Na agência, cada representante usa seu número particular para falar com os clientes. Para Tom, o app funciona tanto quanto uma ferramenta de marketing quanto de vendas, pois “assim que oferecem os pacotes, a venda é fechada maioria dos casos”. Tudo isso com a praticidade do smartphone.

Já a agente de Barra do Garças (MT) Jéssica Amorim começou a utilizar o Whatsapp como ferramenta de trabalho há um ano e meio. Não só para as vendas, mas até para passar a seus clientes informações de última hora, como a previsão do clima para o período da viagem — a maior parte dos pacotes que trabalha são para as praias do Nordeste, região suscetiva a chuvas repentinas. Jéssica, que é da agência Portal do Araguaia, também conta que sempre realiza o pós-venda, perguntando como foi a experiência, o que o passageiro mais gostou e suas recomendações, para aprimorar as experiências futuras.

Outras maneiras de utilização também são possíveis, e foram apontadas pela consultora de viagens nacionais e internacionais da RVL Turismo, de Olinda (PE), Adnaã Lopes. Segundo ela, além de fechamento de pacotes, a tecnologia serve para resolver questões burocráticas, como autorizações de débito, confirmação de número de cartões e orientações sobre como tirar vistos. A média de atendimento via Whatsapp na RVL Turismo, conta Adnaã, é de 15 a 20 diálogos por dia. “Situações que antes eram resolvidas por telefone ficaram muito mais fáceis de se solucionar, até porque no Whatsapp fica tudo registrado.”

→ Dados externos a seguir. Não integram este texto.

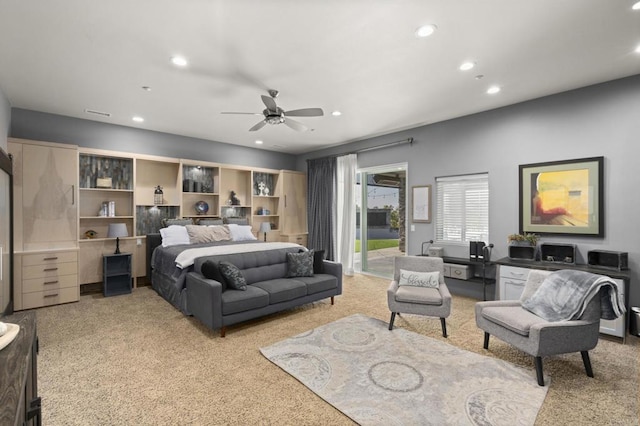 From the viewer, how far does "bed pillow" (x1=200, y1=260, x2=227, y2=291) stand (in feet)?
11.5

Ainda de acordo com Adnaã, além de ter uma economia de 20% a 30% na conta telefônica, o atendimento pelo Whatsapp ajudou a reduzir custos de material de escritório e serviços. “Antes havia despesas com entrega de documentos, mas, agora, muitos dos procedimentos são resolvidos com uma foto via Whatsapp. Otimizou muito no nosso operacional.”

A agente mato-grossense garante ter economizado ainda mais com telefone, em torno de 50%. “Isso porque fazemos muita ligação pelo Whatsapp e isso economiza muito. É só ter conexão wi-fi. Aqui procuramos adequar o atendimento ao que for mais fácil para o cliente”, explica Jéssica Amorim, da Portal do Araguaia.

PERIGOS
No entanto, também há desvantagens e perigos escondidos no uso da ferramenta. Jéssica alerta que o Whatsapp não pode ser a única forma de comunicação. “Tem vezes que o contato é um pouco frio. Não é a mesma coisa que explicar pessoalmente, e pode sair algum mal-entendido. Às vezes, você passa uma informação que escrita não é tão simples de se entender. O contato pessoal é insubstituível, portanto não dá para apostar todas as fichas de atendimento no Whatsapp.”

Outra desvantagem é o “abuso” de clientes. Na Portal do Araguaia, o final do expediente é às 18h, porém, os agentes costumam atender até as 22h. “Sempre há clientes pedindo cotação em horário inconveniente, mas é preciso orientar o cliente a respeito do expediente.”